There are many things to admire in this book: courage, hope, the bond of community, the attempt to place suffering in a context of faith. One of the many things Brooks gets right that I particularly appreciated were her descriptions of motherhood—of childbirth, nursing, and sleeping with one’s babies. One particularly apt description of motherhood is that of the heroine, nursing her younger son while watching her three-year-old boy play in a stream:
He had lately reached that age when a mother looks at her babe and finds him a babe no longer, but a child full formed. The curves have turned into long, graceful lines: the fat and folded legs stretched out into lithe limbs; the rounded belly slimmed to a straight-standing body. A face, suddenly capable of the full range of expression, has smoothed its way out of all those crinkled chins and plumped-out cheeks. I loved to look at Jamie’s new self, the smoothness of his skin, the curve of his neck, and the tilt of his golden head, always gazing curiously at some new wonder in his world.

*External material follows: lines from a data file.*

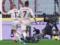 Milan - Roma 1:1 Video of the goal and review of the Serie A match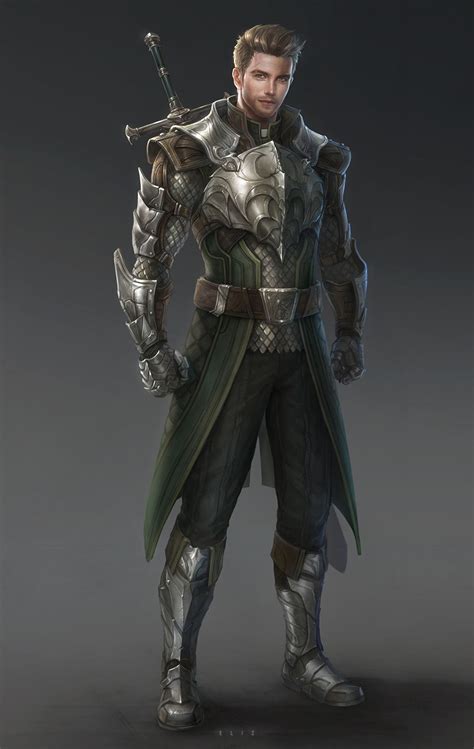 Corporal Handrerd Fantasy Warrior, Heroic Fantasy, Fantasy Male, Fantasy Rpg, Medieval Fantasy ...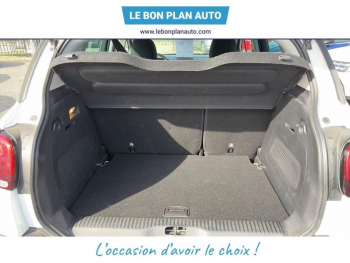Photo 13 du bon plan CITROEN C3 Aircross PureTech 110ch S&S Sunshine occasion à 6780 €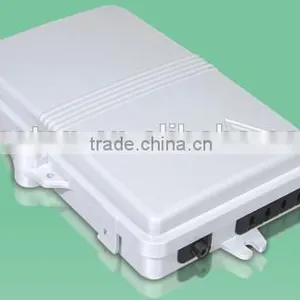 ODF Splitter Box PFS-4A thumbnail-1
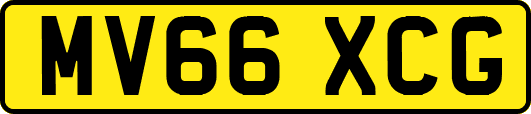 MV66XCG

I highly recommend this novel. I’m an incredibly slow reader, yet got through its 300 or so pages in two days. It was well worth the break from the other books I was reading, providing as it does a chunk of social history that, while not entirely based on a single specific event, deals with the life of a community which chose to face the Plague alone, to depend on no one but each other.
I too loved this book! So glad to see others enjoying it as much as I did.
Thank you so much for that wonderful review, I’m considering reading it again.